══ Data for review ══
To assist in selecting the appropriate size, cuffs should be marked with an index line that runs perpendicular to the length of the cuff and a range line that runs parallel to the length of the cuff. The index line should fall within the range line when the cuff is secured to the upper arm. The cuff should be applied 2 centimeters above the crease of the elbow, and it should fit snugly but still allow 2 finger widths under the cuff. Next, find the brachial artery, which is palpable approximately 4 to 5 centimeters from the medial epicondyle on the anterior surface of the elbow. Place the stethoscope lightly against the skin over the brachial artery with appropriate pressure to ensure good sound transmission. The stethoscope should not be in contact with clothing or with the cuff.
═══
══ Data for review ══
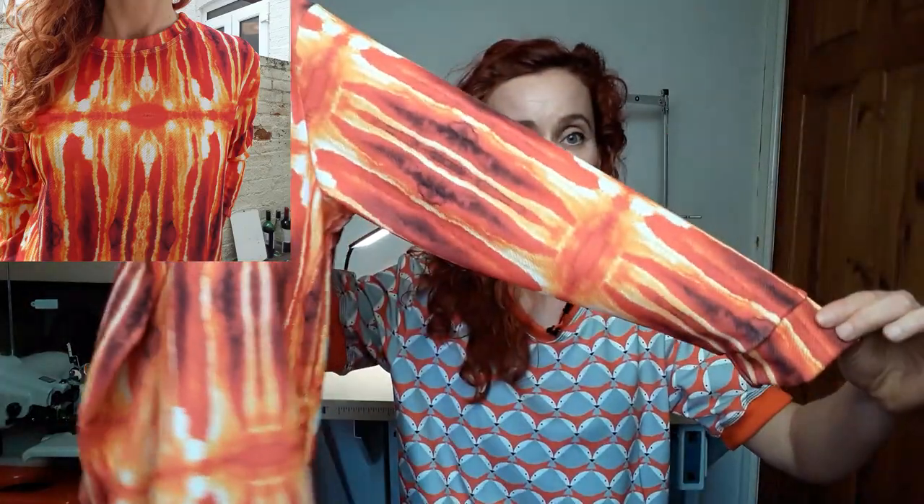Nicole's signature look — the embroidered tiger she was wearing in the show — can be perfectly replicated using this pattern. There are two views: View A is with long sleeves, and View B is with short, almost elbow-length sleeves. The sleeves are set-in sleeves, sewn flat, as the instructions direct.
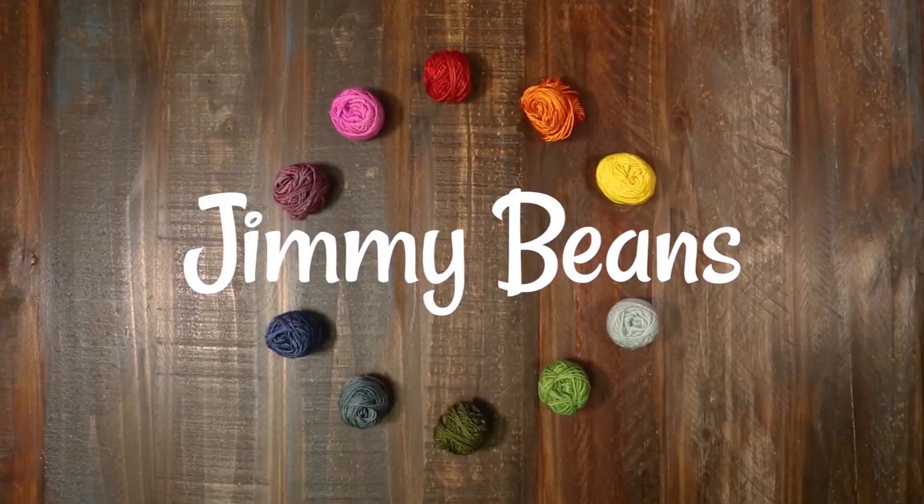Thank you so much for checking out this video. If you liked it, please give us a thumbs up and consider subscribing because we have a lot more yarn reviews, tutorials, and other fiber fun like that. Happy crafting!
═══
Give again the stretch of lines above from the one with "Nicole's signature look" through the one with "Thank you so", both ends kept, and copy no pictures.

# Output of the task:
Nicole's signature look — the embroidered tiger she was wearing in the show — can be perfectly replicated using this pattern. There are two views: View A is with long sleeves, and View B is with short, almost elbow-length sleeves. The sleeves are set-in sleeves, sewn flat, as the instructions direct.
Thank you so much for checking out this video. If you liked it, please give us a thumbs up and consider subscribing because we have a lot more yarn reviews, tutorials, and other fiber fun like that. Happy crafting!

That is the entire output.